- Born: 1 September 1944 (age 81) İzmir, Turkey
- Education: Robert College
- Alma mater: Oregon State University (B.Sc.) Harvard Business School (MBA)
- Occupation: Businessman
- Known for: Founder of Finansbank
- Spouse: Married
- Children: 2, including Murat

= Hüsnü Özyeğin =

Turkish businessman (born 1944)

Hüsnü Özyeğin (born 1 September 1944) is a Turkish billionaire businessman. He founded Finansbank in 1987 and later sold the Turkish division of the bank. Nowadays, his financial investments are managed under Fiba Holding while non-financial investments are managed under Fina Holding.

== Background ==
The son of a doctor, Özyeğin was born in 1944 in İzmir, Turkey. He graduated from Robert College, in Istanbul in 1963, and has said that he went to the US with just a thousand dollars in his pocket. There, he studied civil engineering at Oregon State University. He then earned an MBA from Harvard Business School.

== Career ==
Following his return home after three more years in the US, Özyeğin was offered a post in Pamukbank, which belonged to his schoolmate, Mehmet Emin Karamehmet. In 1977, at the age of only 32, he was appointed general manager of this bank and he held this position until 1984. Then he transferred to Yapı ve Kredi Bankası to become its general manager, a much larger bank in Turkey acquired that year by the same friend. There he succeeded in leading the money-losing bank to a profit over the next two years.

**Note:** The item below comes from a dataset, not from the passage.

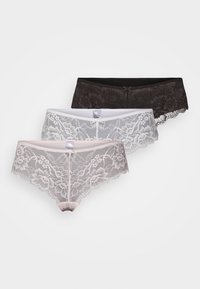 Não selecionado, black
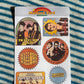 wallows sticker sheet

Özyeğin led Yapı ve Kredi Bankası until 1987, when he decided to establish his own bank, Finansbank, at the age of 43. He expanded it to a bank with more than 200 branches operating in nine countries out of Turkey, mostly in Europe. He later founded several finance companies and brought them under the Holding Fiba, which has around 8,500 employees in 20 companies. Over the next few years, he invested in high-demand industries such as real estate, energy and retail, building condominiums and shopping centers across the main domestic business districts. In 1996, he entered the retail business purchasing the supermarket chains Gima, Endi, Spar and Greens. Furthermore, Özyeğin signed a franchising contract with the British retail chain Marks & Spencer, and then also purchased the Sakura Bank.

In 2005, Özyeğin sold the supermarket chain named GIMA to Sabancı Holding, and acquired in exchange the five-star hotel Swissotel in Istanbul from its Japanese owners. In April 2006, he sold 46% of the shares of the Turkish branch of Finansbank, worth US$2.774 billion, to National Bank of Greece, the largest and the oldest commercial bank in Greece. He sold his remaining 9% stake for US$700 million in 2008. He was expected to remain the bank's chairman of the board of directors for two more years.

The non-Turkish part of Finansbank was placed under the Dutch holding and rebranded into Credit Europe Bank. Özyeğin is the main shareholder and board member of this bank. At the end of 2008, Credit Europe Bank N.V. employed over 6,000 professionals working in the euro-zone countries Belgium, Germany, Malta and the Netherlands as well as in China, Dubai, Russia, Romania, Switzerland, Turkey and Ukraine, serving more than 3 million customers worldwide.

Özyeğin was awarded "Businessman of the Year" in 2000 by the Turkish magazine "Ekonomist". In an interview for the Creating Emerging Markets project at the Harvard Business School, he describes his commitment to expanding education opportunities for women.

Özyeğin University in Istanbul was founded by the Hüsnü M. Özyeğin Foundation in May 2007. Özyeğin plans to spend up to $1 billion over the next 15 years on the university.

Fiba Group is part owner of Kınık coal mine.

== Personal life ==
Özyeğin is married, with two children, and lives in Istanbul, Turkey.